The route runs from Manali through the Atal Tunnel to Sissu, then onwards to Gramphu, Chhatru, Batal, and finally the rough 14 km stretch to the Chandratal parking area. From there, you walk about 1 to 1.5 km to reach the lake itself.
Until Gramphu, the road is decent and you will spot a few scattered shops and tea stalls. After Gramphu, the road quality drops and so does the food availability.
The stretch from Gramphu to Batal is where the route gets rough, lonely, and unpredictable.
In our experience sending travellers on this route every season, the number one complaint is not the bumpy road. It is "we should have eaten more before we left." Do not be that person.

This is the single most practical food decision of the entire trip. Eat a real, filling breakfast in Manali before you get in the car.
Most travellers heading to Chandratal leave Manali by 5:30 to 6:00 AM. At that hour, your options are limited to early-opening dhabas and hotel kitchens.
Order something simple and filling. Parathas with curd, eggs, toast, tea or coffee. Nothing fancy, nothing heavy.
If your hotel serves breakfast that early, eat there. If not, you will find small dhabas open near the Mall Road area and on the Manali-Leh Highway stretch heading out of town. Do not waste time hunting for a specific restaurant. Just eat enough to carry you through the next four to five hours.
Pack a few extras for the car. Biscuits, a banana or two, dry fruit, and a filled water bottle. This is not optional. It is your insurance policy for the stretch where nothing is open.
If you are spending a day in Manali before the drive, our Manali tour packages include recommendations on where to stay and what to explore before you head out towards Chandratal.
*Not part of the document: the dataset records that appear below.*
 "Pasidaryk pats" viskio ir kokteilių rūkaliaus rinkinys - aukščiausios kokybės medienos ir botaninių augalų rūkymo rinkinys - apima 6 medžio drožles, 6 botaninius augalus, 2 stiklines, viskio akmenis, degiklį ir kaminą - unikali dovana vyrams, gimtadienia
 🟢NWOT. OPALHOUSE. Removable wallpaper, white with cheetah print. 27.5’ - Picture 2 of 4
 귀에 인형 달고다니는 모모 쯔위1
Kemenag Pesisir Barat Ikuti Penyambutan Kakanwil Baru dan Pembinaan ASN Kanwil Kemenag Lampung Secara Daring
Sissu is the first stop most people make after the Atal Tunnel. The tunnel itself takes about 15 minutes, and once you pop out on the Lahaul side, Sissu is right there with a few dhabas, tea stalls, and some surprisingly good views of the valley and waterfall.
But here is the thing. Sissu is better treated as a chai break and photo stop rather than a proper meal halt.
The dhabas here serve basic snacks and tea, which is fine if you have already eaten breakfast in Manali. If you skipped breakfast, you can eat here, but the options are limited and it will slow down your day.
We usually tell our travellers to stop at Sissu for 15 to 20 minutes. Drink a cup of tea, use the washroom (because options disappear after this), stretch your legs, and move on.
If you want to explore Sissu separately, that is a different trip entirely. Our Sissu travel packages are worth checking if the valley interests you.
The real eating needs to happen either before Sissu or at Batal. Sissu is the scenic intermission, not the main meal.
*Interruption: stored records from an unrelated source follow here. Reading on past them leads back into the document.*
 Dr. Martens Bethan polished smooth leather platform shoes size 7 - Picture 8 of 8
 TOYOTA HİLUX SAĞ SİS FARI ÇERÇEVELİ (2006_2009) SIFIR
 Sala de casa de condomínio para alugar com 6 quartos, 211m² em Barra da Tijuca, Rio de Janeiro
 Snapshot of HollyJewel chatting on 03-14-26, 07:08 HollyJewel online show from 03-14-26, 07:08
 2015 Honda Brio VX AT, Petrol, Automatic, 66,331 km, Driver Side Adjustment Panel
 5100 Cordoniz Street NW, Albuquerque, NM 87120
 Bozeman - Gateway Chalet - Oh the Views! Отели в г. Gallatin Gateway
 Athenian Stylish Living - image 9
Chhatru sits between Gramphu and Batal, along the Chandra River. Some older travel reports and itineraries mention small tea stalls or a temporary dhaba here. A few travellers have found basic chai and biscuits at Chhatru on good days.
But here is the honest version. Do not build your food plan around Chhatru. The stalls here are seasonal, tiny, and not always open. If there is a working stall when you pass through, great. Stop, have a chai, and count it as a bonus. If there is not, you should not be surprised or hungry.
Some travellers also mention very small dhabas between Chhatru and Batal. Same advice applies. These are not guaranteed stops. They depend on the season, the weather, and whether the person running the stall decided to show up that day.
Treat everything between Gramphu and Batal as a "hope for the best, plan for the worst" zone. If something is open, stop. If not, your snack bag and water bottle are your friends.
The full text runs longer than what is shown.